• [WHAT IS REQUIRED]:
Skip all pictures. Set down only the lines starting at the line containing "Une cuisine équipée" and running to the end of the listing.

• [DATA PROVIDED]:
= = = =
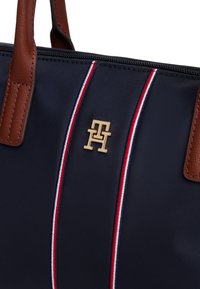 Sac fourre-tout bleu marine avec poignées en cuir marron, rayures verticales rouge-blanc-bleu, et un logo doré entrelacé "TH" près de la fermeture éclair supérieure.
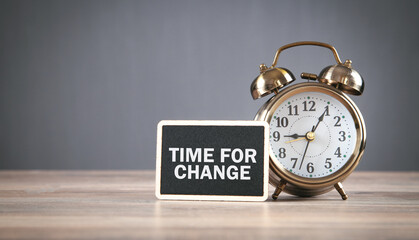 Time for change message with alarm clock.
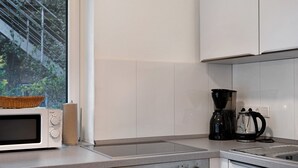 Une cuisine équipée d’un four à micro-ondes, d’une machine à café et d’un panier posé sur le comptoir.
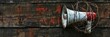 A white and red colour megaphone wrapped in barbed wire on rust metal background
= = = =
• [ANSWER BOX]:
 Une cuisine équipée d’un four à micro-ondes, d’une machine à café et d’un panier posé sur le comptoir.
 A white and red colour megaphone wrapped in barbed wire on rust metal background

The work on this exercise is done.